### What the exercise asks
From the records below, copy each line in which the string "para" occurs.

+ + + +

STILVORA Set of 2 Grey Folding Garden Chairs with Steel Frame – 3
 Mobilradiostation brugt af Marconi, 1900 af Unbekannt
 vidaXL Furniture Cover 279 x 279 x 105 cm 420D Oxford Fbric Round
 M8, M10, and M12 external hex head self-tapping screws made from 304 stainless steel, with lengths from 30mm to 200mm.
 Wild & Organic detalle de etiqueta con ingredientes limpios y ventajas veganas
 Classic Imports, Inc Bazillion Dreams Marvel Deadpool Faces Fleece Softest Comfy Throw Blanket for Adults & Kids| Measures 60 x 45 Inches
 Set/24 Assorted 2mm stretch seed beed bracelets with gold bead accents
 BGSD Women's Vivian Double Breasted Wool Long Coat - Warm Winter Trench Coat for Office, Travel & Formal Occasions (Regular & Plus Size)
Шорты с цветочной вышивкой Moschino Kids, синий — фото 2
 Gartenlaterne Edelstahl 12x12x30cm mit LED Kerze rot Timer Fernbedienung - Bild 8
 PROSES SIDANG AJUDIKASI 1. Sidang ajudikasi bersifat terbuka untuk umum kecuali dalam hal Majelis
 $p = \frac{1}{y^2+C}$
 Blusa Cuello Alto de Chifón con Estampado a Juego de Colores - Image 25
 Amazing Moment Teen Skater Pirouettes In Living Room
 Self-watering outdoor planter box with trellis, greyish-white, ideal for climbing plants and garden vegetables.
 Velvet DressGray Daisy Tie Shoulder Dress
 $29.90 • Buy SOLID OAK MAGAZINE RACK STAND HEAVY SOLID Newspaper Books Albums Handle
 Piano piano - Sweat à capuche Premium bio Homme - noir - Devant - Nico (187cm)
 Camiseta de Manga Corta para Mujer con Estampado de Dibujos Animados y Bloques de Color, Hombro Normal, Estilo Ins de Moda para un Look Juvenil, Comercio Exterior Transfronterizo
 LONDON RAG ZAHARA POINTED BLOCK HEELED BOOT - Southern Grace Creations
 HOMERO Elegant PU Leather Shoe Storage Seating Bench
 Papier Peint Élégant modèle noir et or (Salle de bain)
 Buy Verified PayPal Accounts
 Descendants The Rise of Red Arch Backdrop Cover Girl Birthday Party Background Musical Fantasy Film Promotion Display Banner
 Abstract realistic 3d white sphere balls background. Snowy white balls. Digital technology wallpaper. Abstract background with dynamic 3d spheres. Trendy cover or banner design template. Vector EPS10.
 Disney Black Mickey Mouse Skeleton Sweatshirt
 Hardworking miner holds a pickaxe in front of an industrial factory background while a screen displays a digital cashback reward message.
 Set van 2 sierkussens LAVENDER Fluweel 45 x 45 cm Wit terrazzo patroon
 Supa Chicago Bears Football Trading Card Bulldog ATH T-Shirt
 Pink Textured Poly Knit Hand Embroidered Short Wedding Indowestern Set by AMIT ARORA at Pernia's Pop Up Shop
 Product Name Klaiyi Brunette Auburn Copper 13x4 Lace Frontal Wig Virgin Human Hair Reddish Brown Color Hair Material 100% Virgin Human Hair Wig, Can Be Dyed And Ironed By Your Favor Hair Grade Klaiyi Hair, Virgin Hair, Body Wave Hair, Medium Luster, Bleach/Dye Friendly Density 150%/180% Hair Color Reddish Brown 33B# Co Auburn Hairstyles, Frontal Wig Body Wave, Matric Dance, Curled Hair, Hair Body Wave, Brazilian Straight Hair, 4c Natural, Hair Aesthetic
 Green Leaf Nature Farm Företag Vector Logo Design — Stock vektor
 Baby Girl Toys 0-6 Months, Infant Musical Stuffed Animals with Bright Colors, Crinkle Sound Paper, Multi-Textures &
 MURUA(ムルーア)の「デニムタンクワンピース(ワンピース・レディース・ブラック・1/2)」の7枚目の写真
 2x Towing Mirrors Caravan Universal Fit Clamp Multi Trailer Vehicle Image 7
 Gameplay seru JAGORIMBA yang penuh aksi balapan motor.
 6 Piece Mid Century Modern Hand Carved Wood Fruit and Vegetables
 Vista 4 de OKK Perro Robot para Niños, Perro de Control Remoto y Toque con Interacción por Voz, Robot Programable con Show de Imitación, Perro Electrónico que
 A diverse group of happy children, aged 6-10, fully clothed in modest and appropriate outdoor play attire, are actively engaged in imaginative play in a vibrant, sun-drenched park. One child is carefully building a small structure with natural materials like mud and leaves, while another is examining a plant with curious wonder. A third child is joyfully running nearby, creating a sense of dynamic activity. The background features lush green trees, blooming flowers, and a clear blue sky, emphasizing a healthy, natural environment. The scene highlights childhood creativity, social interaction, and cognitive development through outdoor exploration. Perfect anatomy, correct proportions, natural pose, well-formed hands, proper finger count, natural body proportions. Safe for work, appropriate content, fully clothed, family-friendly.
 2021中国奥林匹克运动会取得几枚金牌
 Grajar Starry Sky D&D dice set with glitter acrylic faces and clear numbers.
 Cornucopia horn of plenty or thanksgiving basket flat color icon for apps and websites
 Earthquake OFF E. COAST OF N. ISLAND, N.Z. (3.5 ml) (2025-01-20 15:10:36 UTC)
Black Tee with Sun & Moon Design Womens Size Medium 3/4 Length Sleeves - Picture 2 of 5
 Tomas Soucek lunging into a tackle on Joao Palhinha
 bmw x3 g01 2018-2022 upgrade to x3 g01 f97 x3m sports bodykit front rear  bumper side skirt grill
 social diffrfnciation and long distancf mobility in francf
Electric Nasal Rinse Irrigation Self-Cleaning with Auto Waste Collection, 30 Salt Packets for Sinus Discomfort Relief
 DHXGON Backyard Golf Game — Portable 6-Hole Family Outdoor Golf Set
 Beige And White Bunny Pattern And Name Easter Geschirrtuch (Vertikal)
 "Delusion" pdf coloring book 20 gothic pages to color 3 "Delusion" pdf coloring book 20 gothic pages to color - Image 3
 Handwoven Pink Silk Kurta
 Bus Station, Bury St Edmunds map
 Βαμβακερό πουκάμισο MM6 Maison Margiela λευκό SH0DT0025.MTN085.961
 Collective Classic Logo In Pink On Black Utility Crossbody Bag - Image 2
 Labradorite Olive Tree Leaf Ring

+ + + +

### Finished exercise
 Camiseta de Manga Corta para Mujer con Estampado de Dibujos Animados y Bloques de Color, Hombro Normal, Estilo Ins de Moda para un Look Juvenil, Comercio Exterior Transfronterizo
 Vista 4 de OKK Perro Robot para Niños, Perro de Control Remoto y Toque con Interacción por Voz, Robot Programable con Show de Imitación, Perro Electrónico que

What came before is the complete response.